I'm 'Soft' and Proud of It
Water in its liquid form can’t be described as hard, but it possesses undeniable strength when it’s unleashed. It has a quiet, formidable strength. It’s the same with people. Recently, I’ve been getting a lot of comments like “I’m too soft,” or my personality is “quite timid.” And what really catches me off guard is how these comments come from people who have no idea who I truly am or the things I’ve overcome.
Come to think of it, why do people associate softness with weakness? When a person speaks softly, it doesn’t mean that person is timid or weak. It means this person has a full understanding of how their words can impact the person on the receiving end. The tone of a person can completely change the meaning of his statement. The tone of a person can trigger someone who is struggling with anxiety. A tone of a person can start a misunderstanding.
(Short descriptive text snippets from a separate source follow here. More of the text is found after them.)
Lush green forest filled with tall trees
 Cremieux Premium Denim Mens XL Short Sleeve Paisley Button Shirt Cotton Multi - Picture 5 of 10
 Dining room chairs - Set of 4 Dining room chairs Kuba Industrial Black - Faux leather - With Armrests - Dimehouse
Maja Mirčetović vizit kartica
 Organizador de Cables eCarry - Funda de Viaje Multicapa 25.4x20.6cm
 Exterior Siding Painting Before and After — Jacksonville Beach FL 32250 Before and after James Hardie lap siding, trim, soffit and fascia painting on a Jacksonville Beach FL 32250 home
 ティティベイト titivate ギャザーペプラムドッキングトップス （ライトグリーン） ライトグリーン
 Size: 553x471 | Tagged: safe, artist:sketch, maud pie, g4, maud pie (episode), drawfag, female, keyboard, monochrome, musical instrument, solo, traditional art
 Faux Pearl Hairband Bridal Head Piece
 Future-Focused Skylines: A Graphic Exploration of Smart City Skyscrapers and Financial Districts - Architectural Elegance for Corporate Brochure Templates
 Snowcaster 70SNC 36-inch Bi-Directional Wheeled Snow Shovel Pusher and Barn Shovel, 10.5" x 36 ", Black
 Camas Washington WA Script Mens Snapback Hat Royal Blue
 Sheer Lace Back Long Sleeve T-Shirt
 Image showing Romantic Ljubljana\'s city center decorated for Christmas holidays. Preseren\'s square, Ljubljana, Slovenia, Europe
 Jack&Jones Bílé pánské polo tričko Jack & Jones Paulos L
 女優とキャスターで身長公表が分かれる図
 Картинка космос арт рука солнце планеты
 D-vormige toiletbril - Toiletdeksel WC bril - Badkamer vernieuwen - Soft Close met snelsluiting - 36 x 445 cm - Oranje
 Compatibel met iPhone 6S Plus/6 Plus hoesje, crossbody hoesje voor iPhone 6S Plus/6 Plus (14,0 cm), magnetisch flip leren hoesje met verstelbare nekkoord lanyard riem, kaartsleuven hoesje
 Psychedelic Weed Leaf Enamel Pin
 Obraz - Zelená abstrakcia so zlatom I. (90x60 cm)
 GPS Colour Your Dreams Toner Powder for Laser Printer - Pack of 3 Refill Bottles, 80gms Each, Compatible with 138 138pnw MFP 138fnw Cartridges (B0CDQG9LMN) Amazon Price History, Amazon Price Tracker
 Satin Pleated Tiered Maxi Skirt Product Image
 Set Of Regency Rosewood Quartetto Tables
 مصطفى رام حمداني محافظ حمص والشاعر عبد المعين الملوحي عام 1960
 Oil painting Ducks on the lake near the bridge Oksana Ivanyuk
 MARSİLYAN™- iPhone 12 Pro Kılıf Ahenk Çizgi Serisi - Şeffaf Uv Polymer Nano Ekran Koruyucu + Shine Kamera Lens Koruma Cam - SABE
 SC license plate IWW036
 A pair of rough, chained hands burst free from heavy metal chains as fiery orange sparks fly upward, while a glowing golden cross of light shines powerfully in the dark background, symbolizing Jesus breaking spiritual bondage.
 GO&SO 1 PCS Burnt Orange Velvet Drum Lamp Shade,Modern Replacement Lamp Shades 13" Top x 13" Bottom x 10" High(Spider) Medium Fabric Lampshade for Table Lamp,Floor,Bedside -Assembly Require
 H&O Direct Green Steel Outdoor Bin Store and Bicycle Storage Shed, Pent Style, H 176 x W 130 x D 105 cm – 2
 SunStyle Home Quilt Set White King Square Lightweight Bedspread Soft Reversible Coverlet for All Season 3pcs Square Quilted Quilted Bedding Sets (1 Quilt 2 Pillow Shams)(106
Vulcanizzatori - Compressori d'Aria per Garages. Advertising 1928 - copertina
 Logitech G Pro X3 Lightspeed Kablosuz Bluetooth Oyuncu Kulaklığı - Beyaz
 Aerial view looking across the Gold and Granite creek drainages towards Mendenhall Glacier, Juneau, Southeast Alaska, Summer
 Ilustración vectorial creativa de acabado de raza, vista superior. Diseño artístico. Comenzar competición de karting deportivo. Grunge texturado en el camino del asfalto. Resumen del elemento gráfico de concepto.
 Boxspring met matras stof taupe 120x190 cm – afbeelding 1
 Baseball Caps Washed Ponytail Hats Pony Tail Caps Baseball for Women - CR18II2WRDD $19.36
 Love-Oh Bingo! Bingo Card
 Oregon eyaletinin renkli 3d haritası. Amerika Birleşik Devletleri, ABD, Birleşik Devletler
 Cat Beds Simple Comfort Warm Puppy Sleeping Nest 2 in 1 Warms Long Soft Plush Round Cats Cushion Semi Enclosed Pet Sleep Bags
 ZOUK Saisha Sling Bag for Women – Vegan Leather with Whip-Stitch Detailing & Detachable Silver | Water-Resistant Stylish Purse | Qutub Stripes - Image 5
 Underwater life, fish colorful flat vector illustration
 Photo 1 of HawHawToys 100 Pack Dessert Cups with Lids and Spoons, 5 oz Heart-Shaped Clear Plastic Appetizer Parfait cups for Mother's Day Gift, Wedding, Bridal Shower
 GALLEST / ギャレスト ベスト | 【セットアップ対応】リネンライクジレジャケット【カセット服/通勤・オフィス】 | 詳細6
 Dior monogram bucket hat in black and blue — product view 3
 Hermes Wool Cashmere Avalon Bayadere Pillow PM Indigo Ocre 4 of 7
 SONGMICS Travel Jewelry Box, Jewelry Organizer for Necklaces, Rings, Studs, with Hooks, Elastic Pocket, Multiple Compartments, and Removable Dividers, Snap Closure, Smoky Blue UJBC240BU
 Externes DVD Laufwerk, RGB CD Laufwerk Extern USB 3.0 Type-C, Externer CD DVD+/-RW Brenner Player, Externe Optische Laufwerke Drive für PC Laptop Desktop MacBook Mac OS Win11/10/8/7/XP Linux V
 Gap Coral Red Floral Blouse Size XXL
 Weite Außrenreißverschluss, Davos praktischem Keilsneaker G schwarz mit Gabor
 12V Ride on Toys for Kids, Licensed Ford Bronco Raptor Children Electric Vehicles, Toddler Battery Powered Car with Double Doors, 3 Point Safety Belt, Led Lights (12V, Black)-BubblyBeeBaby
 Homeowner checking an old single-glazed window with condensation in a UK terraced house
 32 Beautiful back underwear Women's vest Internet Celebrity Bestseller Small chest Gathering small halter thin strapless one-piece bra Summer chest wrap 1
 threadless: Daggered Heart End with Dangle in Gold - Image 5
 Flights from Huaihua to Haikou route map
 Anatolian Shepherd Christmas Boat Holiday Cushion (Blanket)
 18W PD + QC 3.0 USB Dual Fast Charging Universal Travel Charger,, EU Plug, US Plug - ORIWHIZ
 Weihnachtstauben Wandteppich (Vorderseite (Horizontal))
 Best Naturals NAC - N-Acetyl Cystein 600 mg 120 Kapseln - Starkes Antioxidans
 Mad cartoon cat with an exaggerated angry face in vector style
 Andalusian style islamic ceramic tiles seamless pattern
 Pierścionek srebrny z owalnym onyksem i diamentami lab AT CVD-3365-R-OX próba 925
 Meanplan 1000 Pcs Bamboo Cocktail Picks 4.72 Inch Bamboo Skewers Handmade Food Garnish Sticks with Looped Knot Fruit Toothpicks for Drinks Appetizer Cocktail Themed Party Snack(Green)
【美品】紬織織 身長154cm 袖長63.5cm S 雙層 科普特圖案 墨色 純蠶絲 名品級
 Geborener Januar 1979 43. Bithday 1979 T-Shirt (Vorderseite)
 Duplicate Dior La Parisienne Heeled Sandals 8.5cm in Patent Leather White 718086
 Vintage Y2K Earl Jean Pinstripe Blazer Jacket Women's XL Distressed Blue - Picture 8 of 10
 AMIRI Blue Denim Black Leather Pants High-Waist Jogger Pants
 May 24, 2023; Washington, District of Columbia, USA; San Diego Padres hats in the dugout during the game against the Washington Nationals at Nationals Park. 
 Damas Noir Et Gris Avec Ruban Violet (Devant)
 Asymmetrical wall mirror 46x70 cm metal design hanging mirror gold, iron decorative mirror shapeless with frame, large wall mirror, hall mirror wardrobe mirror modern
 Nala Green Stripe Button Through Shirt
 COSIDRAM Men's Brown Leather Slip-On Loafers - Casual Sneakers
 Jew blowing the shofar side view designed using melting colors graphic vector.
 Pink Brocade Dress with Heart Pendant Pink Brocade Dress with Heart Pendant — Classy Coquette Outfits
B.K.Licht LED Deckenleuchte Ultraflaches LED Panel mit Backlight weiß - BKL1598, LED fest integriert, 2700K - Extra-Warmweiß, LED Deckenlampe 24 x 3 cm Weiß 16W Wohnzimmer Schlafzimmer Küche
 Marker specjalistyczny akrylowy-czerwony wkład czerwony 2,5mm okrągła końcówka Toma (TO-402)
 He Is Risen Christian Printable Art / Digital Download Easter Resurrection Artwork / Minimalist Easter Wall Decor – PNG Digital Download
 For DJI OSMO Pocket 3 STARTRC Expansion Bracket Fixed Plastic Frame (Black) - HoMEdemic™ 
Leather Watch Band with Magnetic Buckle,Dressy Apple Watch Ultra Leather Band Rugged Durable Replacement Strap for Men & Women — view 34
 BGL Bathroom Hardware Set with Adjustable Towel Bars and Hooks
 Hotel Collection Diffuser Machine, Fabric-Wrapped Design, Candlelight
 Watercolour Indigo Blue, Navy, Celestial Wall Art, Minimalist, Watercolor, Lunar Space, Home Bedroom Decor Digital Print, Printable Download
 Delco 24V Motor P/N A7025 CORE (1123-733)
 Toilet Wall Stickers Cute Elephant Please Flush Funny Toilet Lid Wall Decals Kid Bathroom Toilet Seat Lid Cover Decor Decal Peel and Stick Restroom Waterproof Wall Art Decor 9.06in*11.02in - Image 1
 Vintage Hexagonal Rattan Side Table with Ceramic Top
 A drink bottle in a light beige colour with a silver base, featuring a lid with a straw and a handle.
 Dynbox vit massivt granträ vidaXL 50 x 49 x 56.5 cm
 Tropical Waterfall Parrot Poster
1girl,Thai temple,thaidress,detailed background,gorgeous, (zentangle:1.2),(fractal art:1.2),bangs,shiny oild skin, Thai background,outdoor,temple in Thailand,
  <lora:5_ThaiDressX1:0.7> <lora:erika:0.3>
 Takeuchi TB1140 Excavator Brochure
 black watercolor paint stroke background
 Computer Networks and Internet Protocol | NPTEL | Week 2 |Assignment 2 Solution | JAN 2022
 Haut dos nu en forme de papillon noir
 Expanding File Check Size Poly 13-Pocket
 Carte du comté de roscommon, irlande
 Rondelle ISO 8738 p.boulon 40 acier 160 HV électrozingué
Speaking softly can mean you are being considerate of the person you are talking to because you don’t know how the person may be feeling or how sensitive the person is. I speak softly because I am that person who gets triggered with aggressive, intimidating voices, and I don’t want others to feel that way when they are speaking to me.
Our voice and the way we speak are a part of our personality. You may speak a certain way to hide your insecurities or to appear more confident than how you truly feel. Or, you may speak a certain way to avoid making people feel the things you have when people don’t take any consideration of you. Or simply, we speak a certain way because that is how we really feel and speaking is our way to release our emotions and share them with others. I don’t see anything wrong with any of this, it is simply based on an individual.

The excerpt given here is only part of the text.